I’ve seen myself tensing up mentally before someone has even spoken, putting on full body armor when for all I know they’re about to invite me to go pick flowers. As with so many habits of mind, for most of my life I was unaware of this battle preparation. I thought it was just common sense or being ahead of the game or making sure things came out the way they were supposed to.

What does it mean to trust in this world of ours? It can’t mean believing everything will come out the way we want it to or expecting that we’ll move through life pain free. That’s closer to denial. But any situation can go in multiple directions, most of which we can’t anticipate.

Can we consider that what we have during the most difficult times is enough? Maybe not in the perfect way we see in our head. Maybe we’ll still experience a great deal of messiness, failure, and pain, yet in the midst of all that life is moving toward an unknown destination. As Jim Finley says, God protects us from nothing but sustains us in all things.

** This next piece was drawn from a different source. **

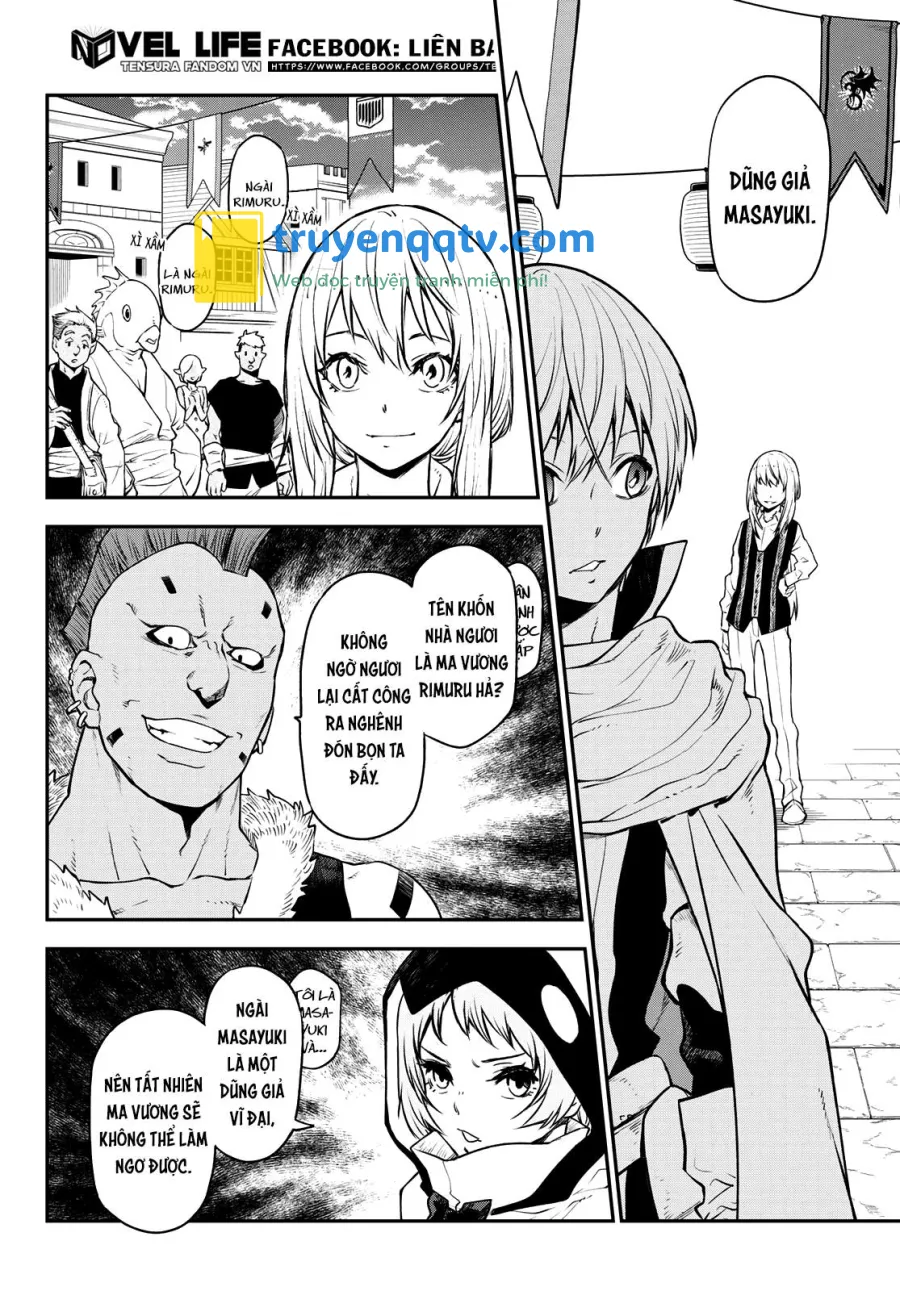 Tensei Shitara Slime Datta Ken Chapter 109 - Next Chapter 110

Can we allow life to go spectacularly well in a way that we couldn’t have imagined? It’s possible, though not guaranteed, that when we approach life with openness it will take an entirely different turn than it would have otherwise. Our very waiting creates possibilities that didn’t exist when we approached the situation defending our preferred future from attack.

We are taught that we need to make things happen. If instead we can participate in what’s happening, life will become unpredictable in the most wonderful way.

Walking through the World

A friend and I went backpacking recently. As we were pitching our tents on the first night, I was thinking ahead to what would come the next day when a wise cedar tree told me, “Keep your head in your feet.”

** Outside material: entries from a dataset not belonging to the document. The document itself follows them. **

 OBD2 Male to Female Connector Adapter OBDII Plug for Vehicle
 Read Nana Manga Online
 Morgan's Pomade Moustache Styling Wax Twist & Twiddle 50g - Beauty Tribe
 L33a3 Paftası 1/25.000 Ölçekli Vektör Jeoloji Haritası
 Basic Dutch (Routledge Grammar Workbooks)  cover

Our feet cannot get ahead of where we are. The interior of our heads, on the other hand, can and do travel to the most distant circumstances we can imagine, visiting scenes that will most likely never occur.

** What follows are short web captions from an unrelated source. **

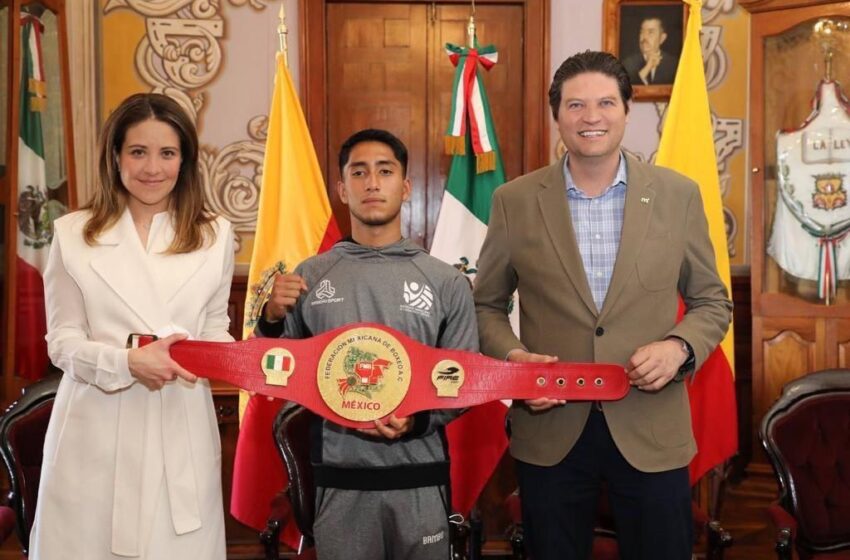  Julio “El Bambú” Gómez, ejemplo e inspiración para la juventud moreliana: Alfonso Martínez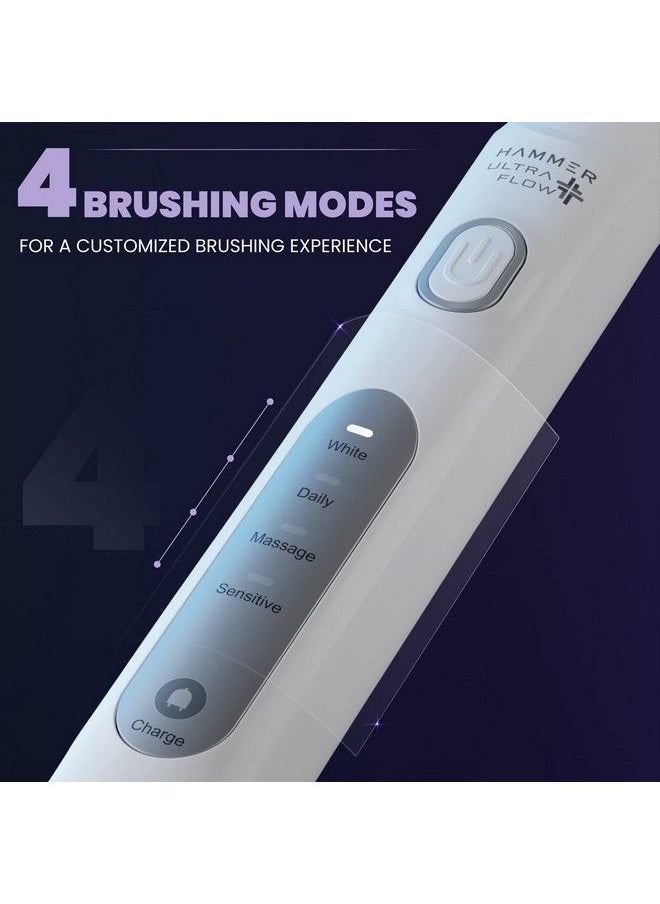 Ultraflow Plus Oscillating Electric Toothbrush For Adults With 2 Brush Heads 4 Brushing Modes (White) - pzsku/ZE6A50F58C7BCB015C0DFZ/45/_/1690523467/d0e537b8-66f8-4271-a52c-54f5a48f88f7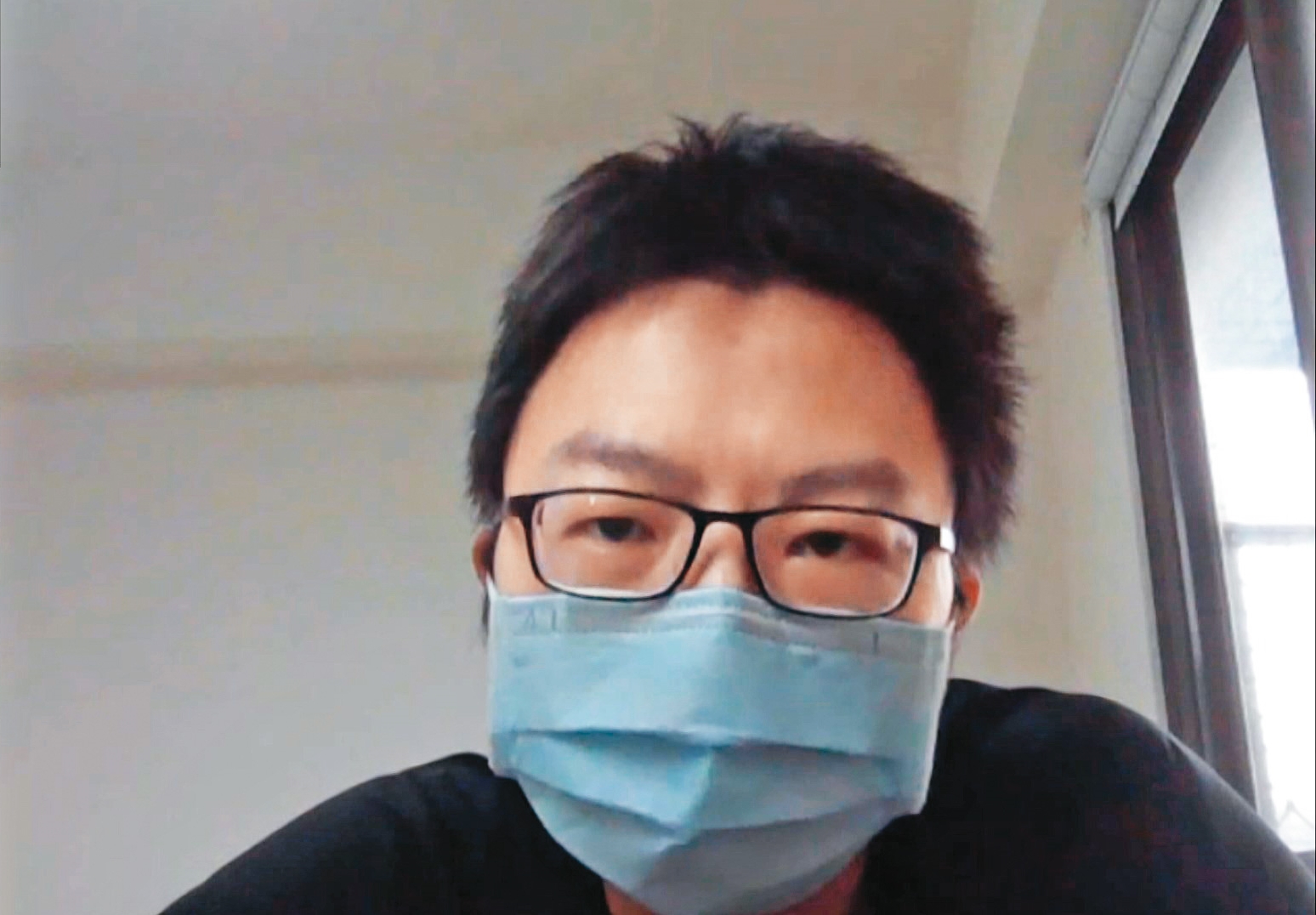 恩恩爸表示，至今對全案真相仍一無所知，希望新北市府讓真相公開。（翻攝畫面）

Imagination is an incredible gift. Unfortunately we often don’t use it wisely, conjuring up catastrophes or arguing passionately for things we may not really need to convince anyone of. At least I do.

No single day works out as we planned it, but our feet are always present, connected firmly to the Earth in each moment as it unfolds in reality.

In a poetry reading from the On Being Gathering, John Paul Lederach, describes “haiku attitude” as a combination of joy and patience, a way “to prepare yourself to be touched by beauty.” Lederach works in conflict resolution around the world and must have found beauty in some of the most difficult situations. What a life-changing openness that would be.

Our trip did not go exactly according to plan. We didn’t reach the lake we were aiming for. On the way out, we somehow missed the swimming holes we both remembered seeing on the way in.

Yet the trip was full of beauty—the strawberry milkshake smell of the Jeffery pines (thanks, Dad, for teaching me that one), the flow of deep and attentive conversation, a cascade of different colors of light on the granite as the sun set, the sound of the creek that was our constant companion, the full moon shining on a still spot in the water and lighting up the campsite so brightly we could move around without headlamps.

These are the moments we can miss if we’re projecting ourselves mentally through the world instead of walking through it. These and every moment are the ones worth letting ourselves be touched by.

Relating to the Depths

I recently heard the advice to give up understanding anything (apologies for not remembering the original source). After living with this idea for a little while, it occurred to me that understanding is insufficient to being alive.

Comprehension and figuring things out are essential for a certain level of life. It’s remarkably useful that science has identified human beings as the cause of climate change and can calculate the most effective solutions. We don’t want to give that up.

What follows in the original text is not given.